# DATA SUPPLIED
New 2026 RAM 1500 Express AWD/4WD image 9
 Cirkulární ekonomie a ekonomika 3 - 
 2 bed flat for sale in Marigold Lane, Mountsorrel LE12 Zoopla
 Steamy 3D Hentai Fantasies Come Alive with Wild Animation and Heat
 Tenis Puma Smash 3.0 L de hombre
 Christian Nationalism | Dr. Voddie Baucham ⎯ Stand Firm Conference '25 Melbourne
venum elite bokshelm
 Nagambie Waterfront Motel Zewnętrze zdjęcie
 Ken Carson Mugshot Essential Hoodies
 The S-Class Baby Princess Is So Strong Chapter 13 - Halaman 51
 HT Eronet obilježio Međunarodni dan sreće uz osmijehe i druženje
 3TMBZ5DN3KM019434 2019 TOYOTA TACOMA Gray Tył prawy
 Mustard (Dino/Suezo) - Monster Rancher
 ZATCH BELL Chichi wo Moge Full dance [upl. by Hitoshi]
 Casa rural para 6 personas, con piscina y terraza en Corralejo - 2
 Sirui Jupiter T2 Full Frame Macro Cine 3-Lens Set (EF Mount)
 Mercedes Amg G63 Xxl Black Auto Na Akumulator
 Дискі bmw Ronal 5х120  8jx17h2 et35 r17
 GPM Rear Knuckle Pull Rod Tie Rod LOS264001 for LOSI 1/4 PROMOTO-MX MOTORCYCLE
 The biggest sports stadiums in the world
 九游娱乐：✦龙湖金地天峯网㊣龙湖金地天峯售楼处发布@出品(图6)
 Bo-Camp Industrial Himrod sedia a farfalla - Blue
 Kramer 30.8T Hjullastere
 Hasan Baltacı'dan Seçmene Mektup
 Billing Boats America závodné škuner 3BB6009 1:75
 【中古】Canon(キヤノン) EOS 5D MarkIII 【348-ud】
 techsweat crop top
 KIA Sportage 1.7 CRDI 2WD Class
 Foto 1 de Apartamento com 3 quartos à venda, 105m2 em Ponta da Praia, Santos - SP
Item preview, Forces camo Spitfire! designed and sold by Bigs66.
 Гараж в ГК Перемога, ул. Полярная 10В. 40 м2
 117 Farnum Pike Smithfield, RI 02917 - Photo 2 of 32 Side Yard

# TASK TO CARRY OUT
Restate the records above exactly.

# SOLUTION BELOW
New 2026 RAM 1500 Express AWD/4WD image 9
 Cirkulární ekonomie a ekonomika 3 - 
 2 bed flat for sale in Marigold Lane, Mountsorrel LE12 Zoopla
 Steamy 3D Hentai Fantasies Come Alive with Wild Animation and Heat
 Tenis Puma Smash 3.0 L de hombre
 Christian Nationalism | Dr. Voddie Baucham ⎯ Stand Firm Conference '25 Melbourne
venum elite bokshelm
 Nagambie Waterfront Motel Zewnętrze zdjęcie
 Ken Carson Mugshot Essential Hoodies
 The S-Class Baby Princess Is So Strong Chapter 13 - Halaman 51
 HT Eronet obilježio Međunarodni dan sreće uz osmijehe i druženje
 3TMBZ5DN3KM019434 2019 TOYOTA TACOMA Gray Tył prawy
 Mustard (Dino/Suezo) - Monster Rancher
 ZATCH BELL Chichi wo Moge Full dance [upl. by Hitoshi]
 Casa rural para 6 personas, con piscina y terraza en Corralejo - 2
 Sirui Jupiter T2 Full Frame Macro Cine 3-Lens Set (EF Mount)
 Mercedes Amg G63 Xxl Black Auto Na Akumulator
 Дискі bmw Ronal 5х120  8jx17h2 et35 r17
 GPM Rear Knuckle Pull Rod Tie Rod LOS264001 for LOSI 1/4 PROMOTO-MX MOTORCYCLE
 The biggest sports stadiums in the world
 九游娱乐：✦龙湖金地天峯网㊣龙湖金地天峯售楼处发布@出品(图6)
 Bo-Camp Industrial Himrod sedia a farfalla - Blue
 Kramer 30.8T Hjullastere
 Hasan Baltacı'dan Seçmene Mektup
 Billing Boats America závodné škuner 3BB6009 1:75
 【中古】Canon(キヤノン) EOS 5D MarkIII 【348-ud】
 techsweat crop top
 KIA Sportage 1.7 CRDI 2WD Class
 Foto 1 de Apartamento com 3 quartos à venda, 105m2 em Ponta da Praia, Santos - SP
Item preview, Forces camo Spitfire! designed and sold by Bigs66.
 Гараж в ГК Перемога, ул. Полярная 10В. 40 м2
 117 Farnum Pike Smithfield, RI 02917 - Photo 2 of 32 Side Yard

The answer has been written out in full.